[TASK REQUIREMENTS]
Copy the records below exactly as they stand. Leave out the pictures.

[Source data]
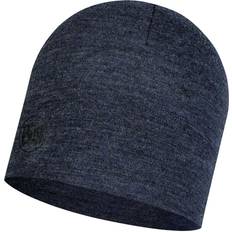 Buff Midweight Merino Wool Hat - Night Blue Melange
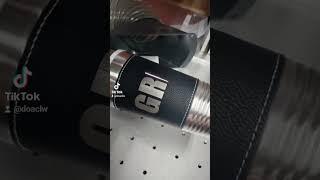 Fiber Laser, Leatherette tumbler engraving!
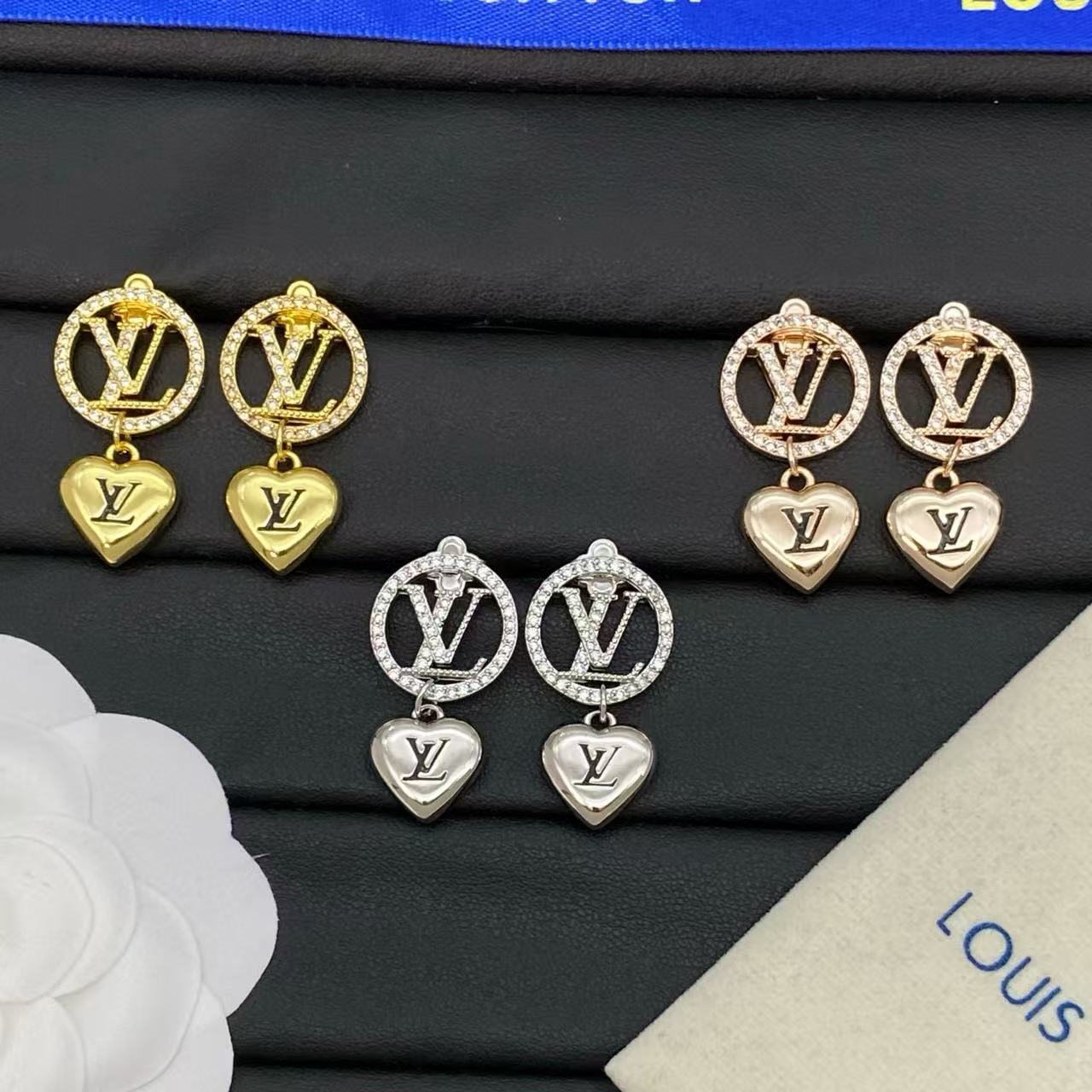 LVダイヤモンドハートイヤリング【50％割引+送料無料】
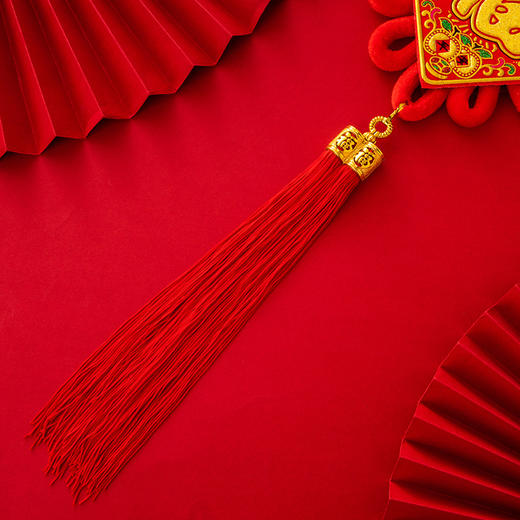 【喜庆又吉祥❗️中国结挂件大号福字】让福气带来好运和平安❗️新年客厅装饰品小平安结喜庆乔迁新居布置挂饰 商品图2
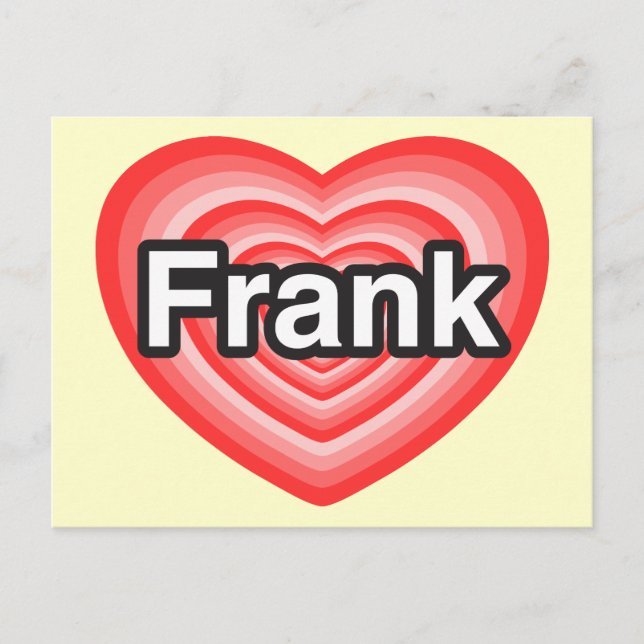 Postal Amo a Frank. Te amo, Frank. Corazón (Anverso)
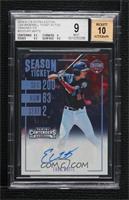 Season Ticket - Evan White [BGS 9 MINT] #/24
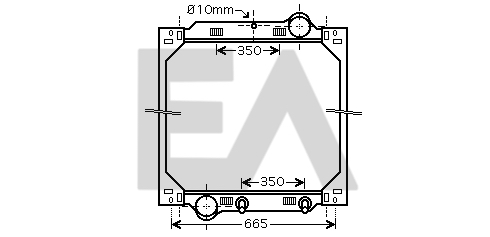 Radiator, racire motor 31R45073 EACLIMA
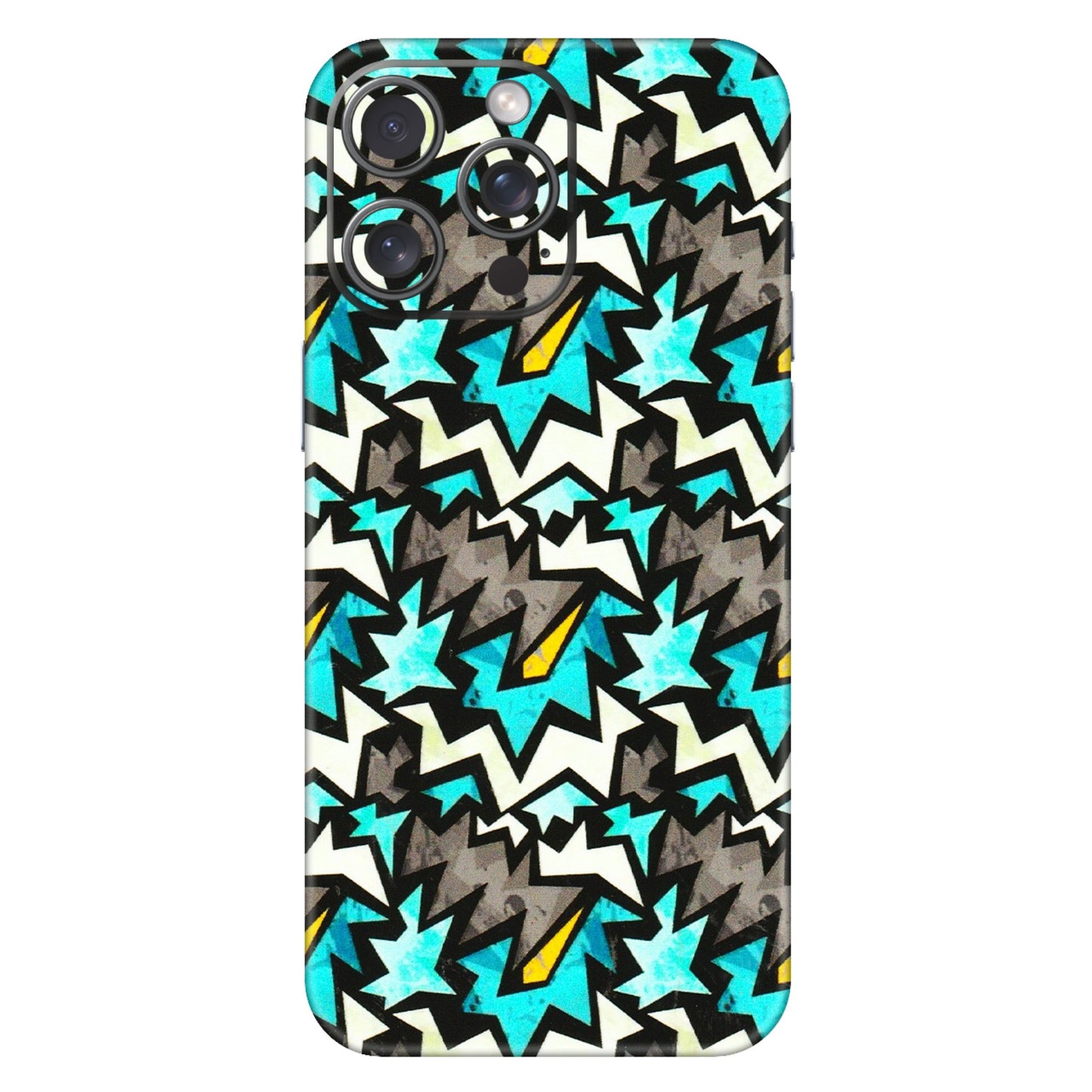 Apple iPhone Skins (All Models) - Funky Zig Zag - 3D Embossed Finish (L-223) iPhone 15 Pro Max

[SOLUTION TO THE PROBLEM]
 Buff Midweight Merino Wool Hat - Night Blue Melange
 Fiber Laser, Leatherette tumbler engraving!
 LVダイヤモンドハートイヤリング【50％割引+送料無料】
 【喜庆又吉祥❗️中国结挂件大号福字】让福气带来好运和平安❗️新年客厅装饰品小平安结喜庆乔迁新居布置挂饰 商品图2
 Postal Amo a Frank. Te amo, Frank. Corazón (Anverso)
 Season Ticket - Evan White [BGS 9 MINT] #/24
 Radiator, racire motor 31R45073 EACLIMA
 Apple iPhone Skins (All Models) - Funky Zig Zag - 3D Embossed Finish (L-223) iPhone 15 Pro Max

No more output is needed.